Christie Ileto Image
Wednesday, February 21, 2024
Montco official eyes approach to cure some mistakes on mail-in-ballots
Montco official eyes novel approach to cure minor mistakes on mail-in-ballots

PHILADELPHIA (WPVI) -- As a federal appeals court in Center City Philadelphia heard arguments Tuesday in a critical lawsuit that could impact Pennsylvanians who vote by mail, a Montgomery County official is working on a novel approach to make sure voters' mail-in-ballots aren't tossed for simple errors.

"There are about 2,000 ballots that we would estimate will have mistakes," said Neil Makhija.

And that's just for Montgomery County.

Makhija, an election law professor and newly elected county commissioner, says there are anything from wrong dates, no dates, or unsigned ballots that can trigger disqualification.

SEE ALSO: US appeals court to decide if Pennsylvania mail-in ballots with wrong date still count

"These are minor technicalities," he said. "Instead of having to drive up to 45 minutes or more to Norristown to the county bureau of elections, if you make a minor technical mistake, we want to make sure that we notify you, and even come to your house to so that your vote gets counted."

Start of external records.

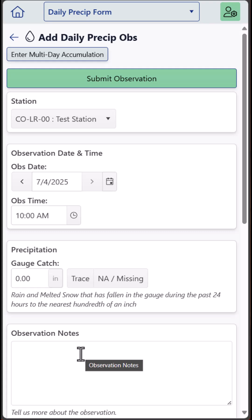If you're on your smartphone, instead of typing, you can also use your microphone button to record your voice to text.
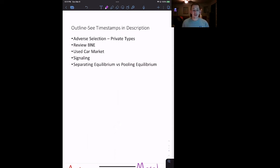What we are going to do today: first we are going to briefly introduce the idea of adverse selection and contrast it with moral hazard. Then we'll review how we write down the extensive form of a Bayesian Nash equilibrium game. And then we are going to talk about the used car market or the lemons problem, and talk about how a perfect signal can solve the adverse selection problem in a Bayesian Nash equilibrium. We'll also talk about separating versus pooling equilibrium.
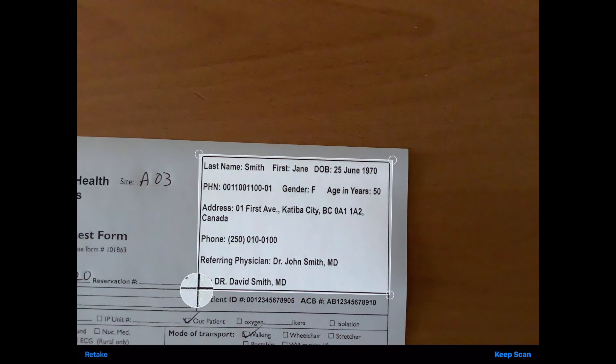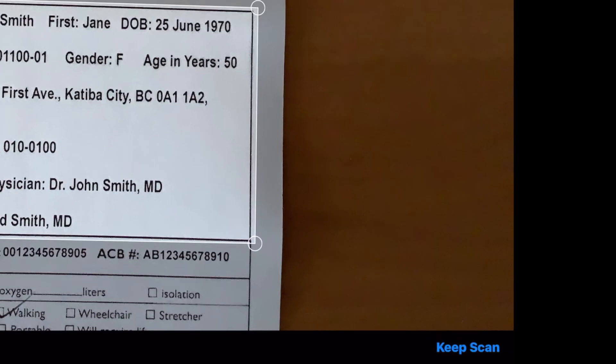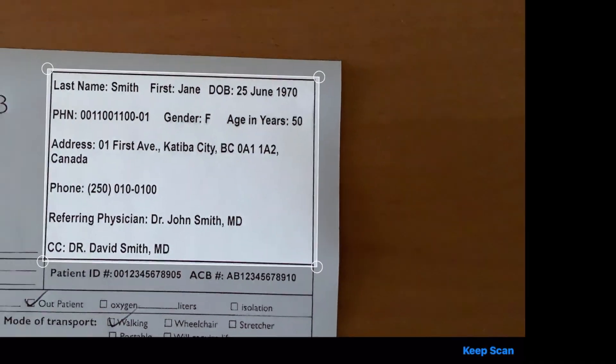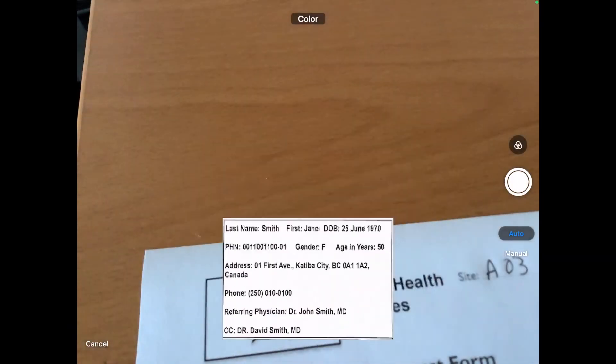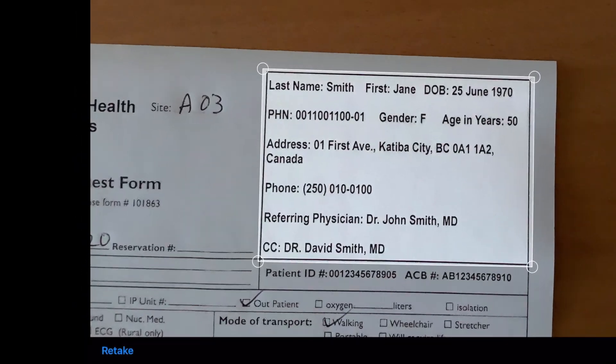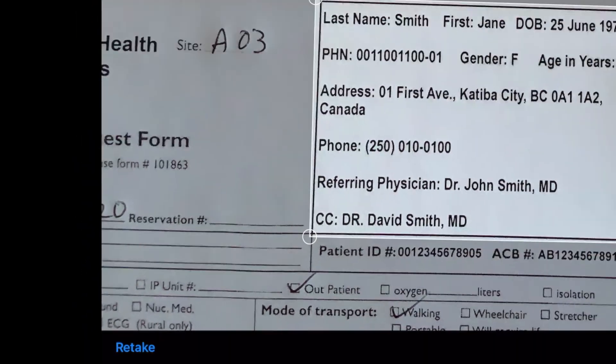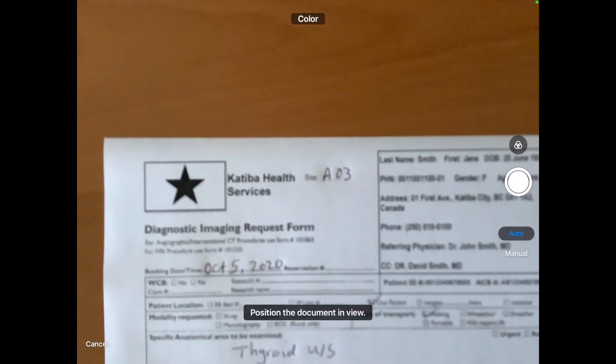If you are happy with the outcome, tap Keep Scan and then tap Save. Otherwise, tap Retake and repeat the process.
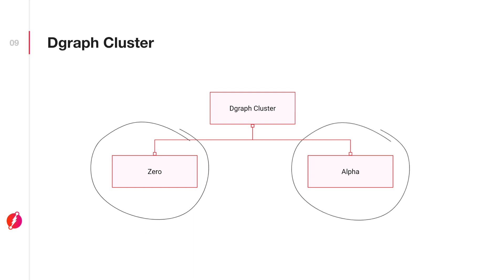The alpha is where the actual data is. Dgraph alpha hosts the data in the form of predicates.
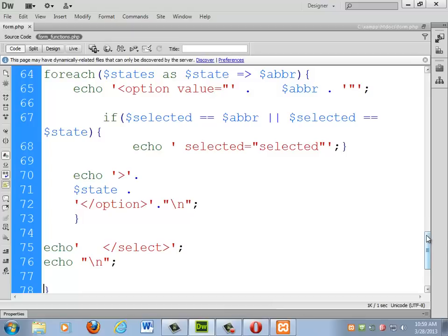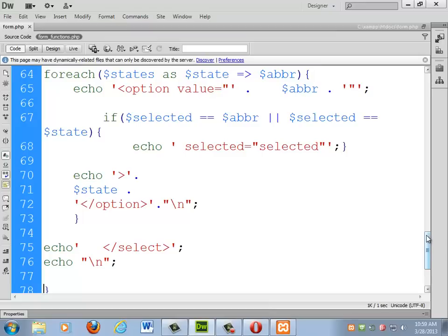You know what we can do? Watch this. I can make this slightly more robust. Or, selected equals state. So now, you can either type in as that third argument, you can type in MD or Maryland. Which means on this one, I could type in North Dakota, and I think it should still work. North Dakota gets selected.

It's a novel approach to cure ballots with minor mistakes that election experts say doesn't really exist in this swing state.

"Because when we did the notification -- the mail, the email, the phone -- we only corrected about 10% of those 2,000 ballots. So what we're focused on now is the 90% of ballots that would otherwise be thrown out. We're going to give people a chance to correct those by showing up to their door, just like Amazon, Uber," he said.

"What are other counties doing?" asked Action News' Christie Ileto.

"They're not doing this," said Makhija. "There are some counties that if you made a mistake, you won't even know until after the election that your vote wasn't even counted."

"Montgomery County would be the only county doing this in our area?" Ileto asked.

"What we hope is that we would be the best most accessible county for voter access," said Makhija.

Makhija says they still have to work out the logistics, but are looking at the thousands of poll workers in the county who already volunteer on Election Day to help be part of this mobile unit.

The goal is to have everything worked out by the summer.